Le poème que nous avons cité à bien des reprises est éloquent pour illustrer l’aide active de la Vierge Marie.
Elle est présente à chaque strophe, telle une maman qui veille sur son enfant et le protège de tout mal, telle une mère qui apprend à son petit à marcher, telle encore une tendre maman qui le porte dans ses bras. Il y aurait sans nul doute de grands approfondissements à faire sur les différentes actions de la Vierge Marie envers nos âmes si elles sont confiantes. Nous nous limiterons à résumer l’essentiel : Notre-Dame est là pour « garder du mal » son enfant (SEJ 68, Strophe 1), « guider chacun de ses pas » (SEJ 68, Strophe 2), « lui rendre tout facile » (SEJ 68, Strophe 3), lui être un « appui » (SEJ 68, Strophe 4), « lui montrer ce qu’il doit savoir » (SEJ 68, Strophe 5), recevoir « son amour plus doux que le miel » (SEJ 68, Strophe 6).
Ainsi la bienheureuse Eugénie s’enthousiasme -t-elle envers Celle qu’elle appelle sa « Mère du Ciel » : « Aimer Marie, l’aimer encore, l’aimer toujours davantage ! Je l’aime parce que je l’aime ; je l’aime parce qu’Elle est ma Mère ! Je l’aime parce qu’Elle est toute belle, toute pure ; je l’aime et je veux que chacun des battements de mon cœur lui dise : Ma Mère Immaculée, vous savez bien que je vous aime ! » (SEJ Pages 8-9)
Dans ses notes intimes, la même pensée revient fréquemment : « O Marie, vous seule êtes ma lumière, ma force, mon refuge ; jamais, non jamais je n’oublierai ce que vous faites pour votre enfant. » (SEJ Page 9)
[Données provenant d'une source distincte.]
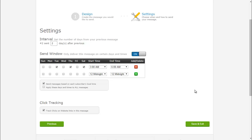So I checked off those days, and I said start time, send the emails between 3 and 6 a.m. And send messages based on the subscriber's local time. And then I click save and exit.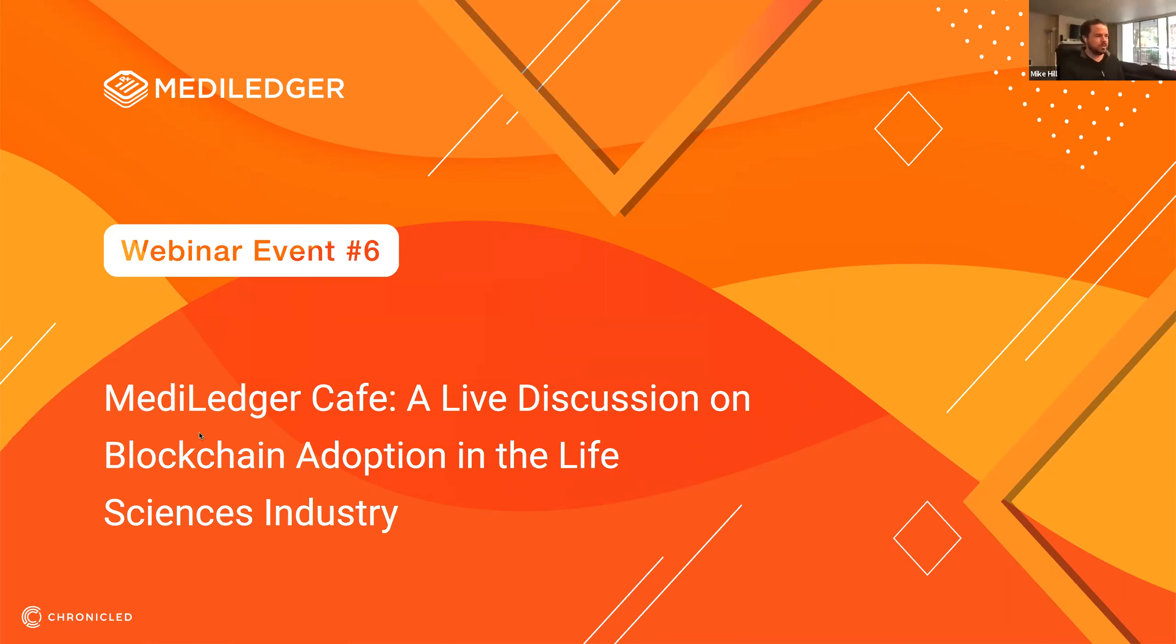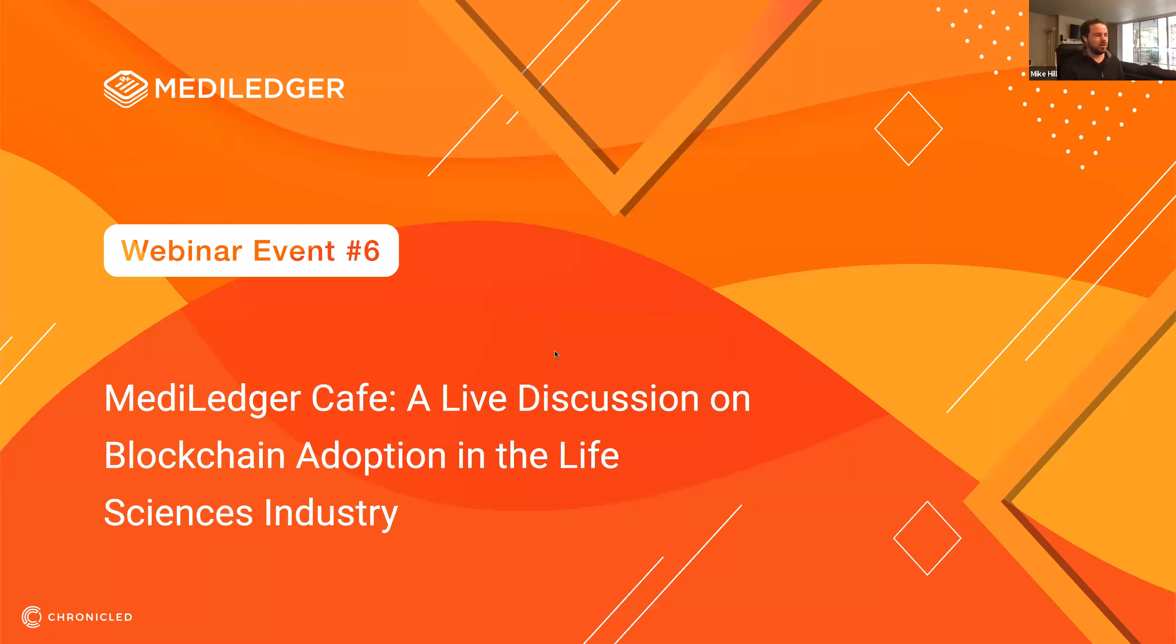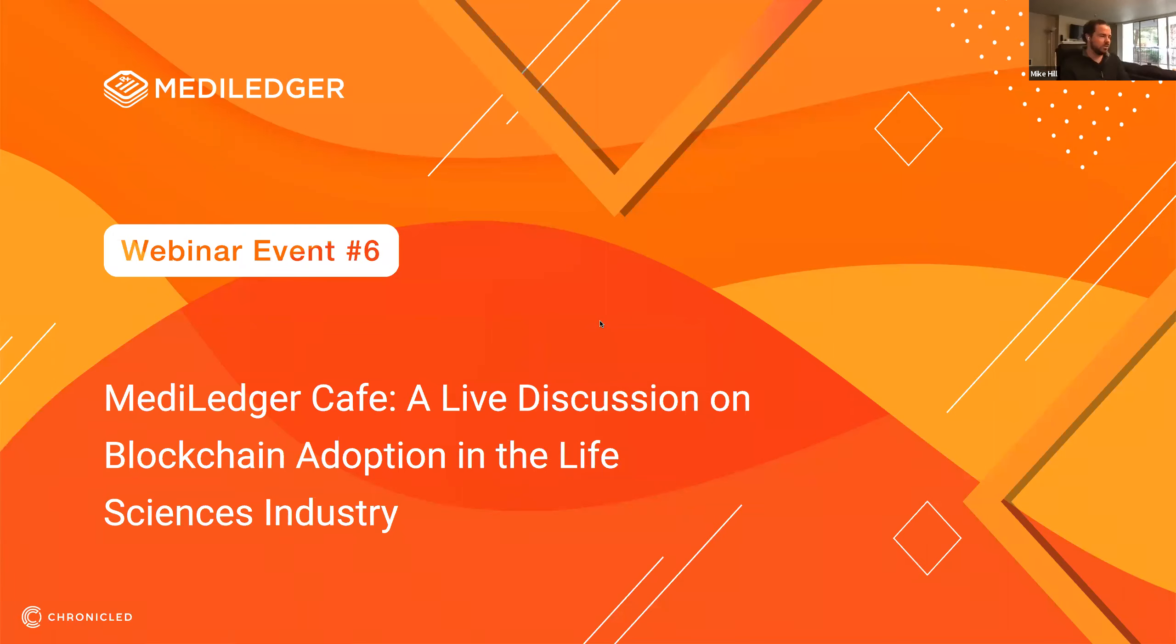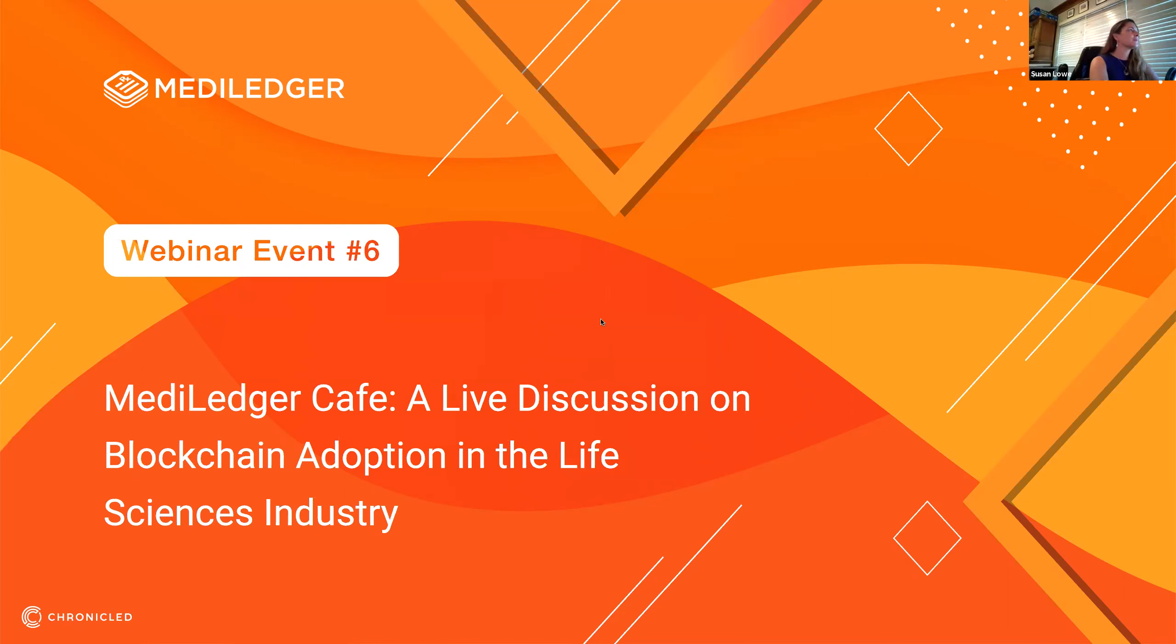Thank you all for joining us for the sixth event. It's been pretty exciting, it's now six months since we started the MetaLedger webinar series. Thanks for those who joined for some of the past events. Today we're really excited about a new type of webinar. COVID has prompted the need to innovate and think differently about how we do online events. What we're calling it is the MetaLedger Cafe. This will be a live discussion centered around blockchain adoption in the life sciences industry. But who knows where this discussion will go.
A plusieurs reprises, notre bienheureuse nous fait également découvrir le rôle de la Vierge Marie dans la souffrance et spécialement les conditions qui permettent à Notre-Dame de nous aider à suivre ce rude chemin :
« l’Immaculée est, en effet, la Reine des martyrs ; oh ! qu’Elle est belle, parée, comme son Fils, de ce vêtement précieux ! Mais, devenue notre Mère en cette heure douloureuse, Marie a façonné Elle-même pour chacun de ses enfants ce double vêtement… (pureté et amour). Elle me couvrira Elle-même des livrées de Notre-Seigneur, des siennes, dans la mesure où je serai petite, où je me laisserai faire comme un tout petit enfant. »
(SEJ Page 43)
La sainte Vierge nous guide dans le quotidien :
« Lorsque quelque chose me contrarie penser à la conduite qu’aurait eu la très Sainte Vierge dans cette occasion. Qu’aurait-Elle fait ? Qu’aurait-Elle répondu à ma place ? »
(Carnet 36)
La bienheureuse Eugénie montre le rôle de Marie dans notre chemin de sanctification : elle qui se sent si petite, si incapable de gravir ce rude sentier, nous partage sa découverte pleine d’espérance :
« Du plus profond de mon néant, pour arriver à la sainteté que Dieu veut me faire entrevoir pendant cette retraite je me jette dès à présent dans le Cœur Immaculé de ma Mère car, là, où va une mère, là aussi va son tout petit enfant ; un tout petit enfant qui ne sait pas encore marcher aurait-il la pensée de gravir seul des roches escarpées, une haute montagne ?… Et cependant il peut monter encore plus haut, mais il n’est pas seul : il est porté dans les bras, sur le sein, sur le cœur de sa mère. Là, il n’a aucune crainte de ne pas arriver au but ou de tomber en chemin ; il n’a seulement pas ces idées-là, pourquoi ? Parce qu’il ne voit que le cœur, l’amour de sa mère. Ainsi en sera-t-il pour moi durant cette retraite. Le Bon Dieu veut, avec la grâce qu’Il va me prodiguer, me conduire à un sommet bien élevé ; celui de la perfection, de la sainteté. Il veut m’y mener pour que j’y demeure tous les jours de ma vie, mais, pauvre petit ver de terre, comment gravir cette montagne de la sainteté ?… Ah ! Je le sais bien ! J’ai une mère et je suis l’enfant de ses douleurs, comment pourra-t-Elle ne pas me porter dans les entrailles de sa miséricorde et me faire arriver ainsi dans le Cœur de Jésus ?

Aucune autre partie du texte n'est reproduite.